2. Description of the Prior Art
An example of an automated ice making machine of the type mentioned above has already been proposed, as in Japanese Patent Application Laid-Open No. 291,876/1986 (JP-A-No. 61-291,876) filed in the name of the inventor of the present application. FIG. 4 in the accompanying drawings shows a general arrangement of a water flow system incorporated in the prior art ice making maching mentioned above. In this figure, reference numeral 1 denotes an ice making plate equipped with an evaporator pipe 2 mounted thereon in a meandering pattern. An icing water tank 4 containing icing water (i.e. water to be transformed into ice) is disposed beneath the ice making plate 1 with a dropping water guide plate 3 being interposed therebetween. Provided in fluid communication with the icing water tank 4 is a water circulation pump 5 which serves to circulate the icing water during the freezing or icing mode so that the water is distributed over a surface of the ice making plated 1 from an icing water distributor 6 disposed above the ice making plate 1.
On the other hand, a water supply valve 7 connectable to a water supply source such as an external water service system is connected to a second defreezing or deicing water distributor 9 through a T-joint 8. Extending downwardly from the leg of the T-joint 8 is a flush pipe 10 which is connected to a connector pipe 12 of a sub-tank 11 provided in fluid communication with the icing water tank 4. In a deicing operation mode, the water supply valve 7 is opened, whereby water from the water service system is distributed over the rear surface of the ice making plate 1 from the second water distributor 9 and at the same time is supplied to the sub-tank 11 by way of the flushing pipe 10. The deicing water distributed over the rear surface of the ice making plate 1 drops into the icing water tank 4 through the guide plate 3 to be collected therein as the water to be iced in the succeeding ice making cycle. On the other hand, the water supplied to the sub-tank 11 washes it and thence flows into the icing water tank 4 through the connector pipe 13. A major part of water flowing into the icing water tank 4 is discharged outwardly through an overflow pipe 14.

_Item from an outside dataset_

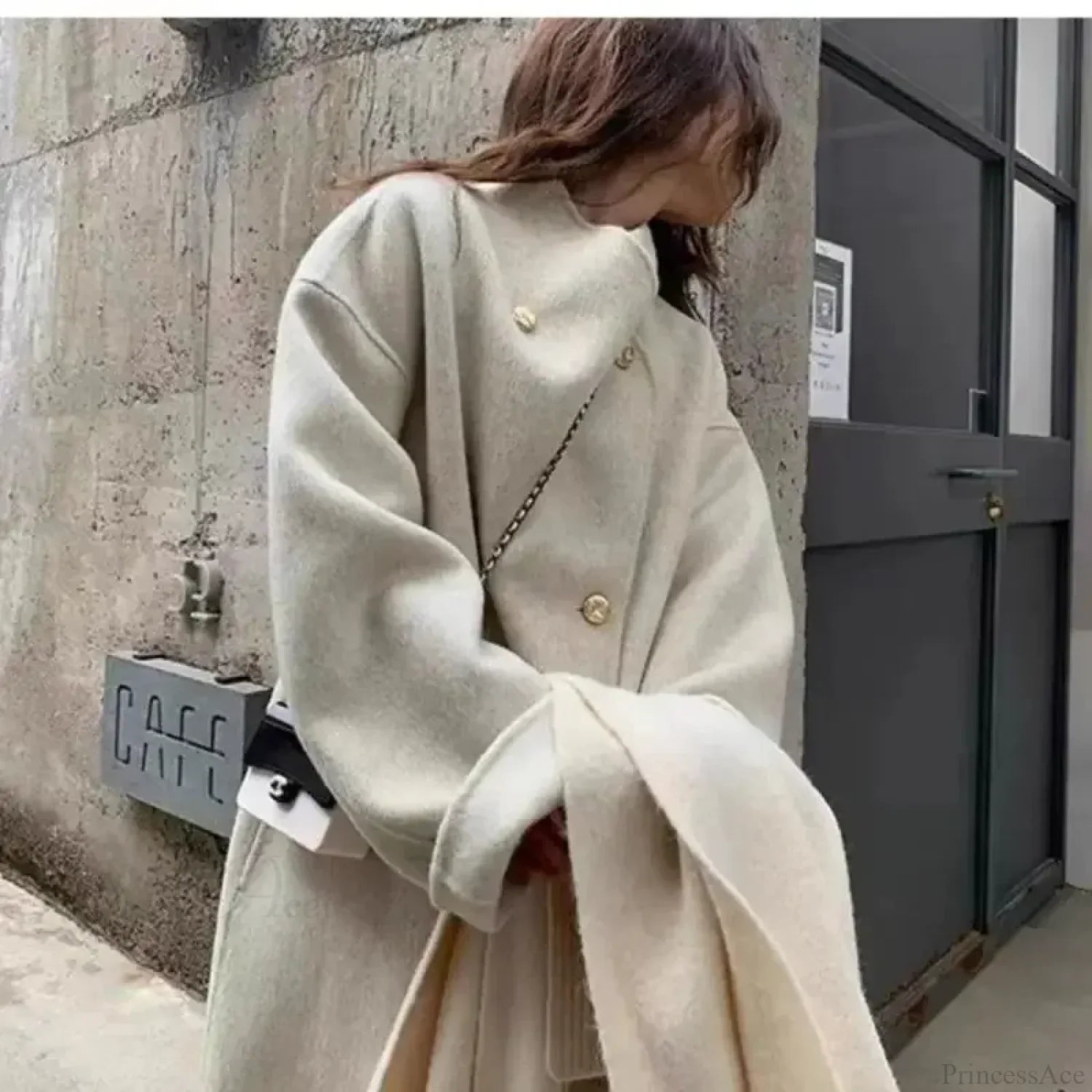 Soft gray wool loose coat with fleece for comfort and style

The upper limit of the water level within the icing water tank 4 is defined by the overflow pipe 14. During the icing operation cycle, water within the icing water tank 4 is circulated by the circulation pump 5 to be supplied to the ice making plate assembly 1, with result in that crescent-shaped ice pieces 15 are formed on the front surface of the ice making plate 1 and grow progressively in the course of time. When the ice pieces have grown to a certain size, the amount of water within the tank 4 has been decreased by an amount corresponding to the water consumed in forming the ice pieces. Since the icing water tank 4 is in fluid communication with the sub-tank 11 through the connecting pipea 13, the water level within the latter is also lowered correspondingly. Consequently, the water surface within the connector tube 12 which had been at a considerably higher level at the start of the icing operation cycle, as shown in FIG. 5 of the accompanying drawings, is progressively lowered down to a level where the water surface lies below the bottom end 12a of the connector pipe 12. At that time, a chamber 16 defined within the sub-tank 11 and hermetically closed until then is opened to the atmosphere through a vent orifice (not shown) formed in the joint 8. As a result, a float 17 is caused to move downwardly. When the float 17 has attained a predetermined position, a magnet 18 mounted on the float 17 actuates a reed switch 19, whereby a signal indicating completion of the ice making operation is generated to thus bring the icing operation cycle to an end.
In the prior art ice making machine described above, such an arrangement is adopted so that impurities sedimented and deposited within the sub-tank 11 are driven into the icing water tank 4 through the connecting pipe 13 under the washing action by a part of the deicing water flowing into the sub-tank 11 through the flushing pipe 10 during the deicing operation cycle. In practice, however, there may arise such a situation in which the deicing water can not be supplied to the sub-tank 11 in amounts great enough to drive or carry the impurities into the icing water tank 4 because of flow resistance presented by the joint 8 as well as for other reasons. This problem may be solved by increasing the flow of water through the water supply valve 7 thereby increasing the water supply to the sub-tank 11. In that case, however, the amount of deicing water dropping into the icing water tank 4 from the ice making plate 1 is naturally increased, with the result that the amount of water discharged outwardly through the overflow pipe 14 is also increased, which in turn means that water consumption is wastefully increased, giving rise to other problems.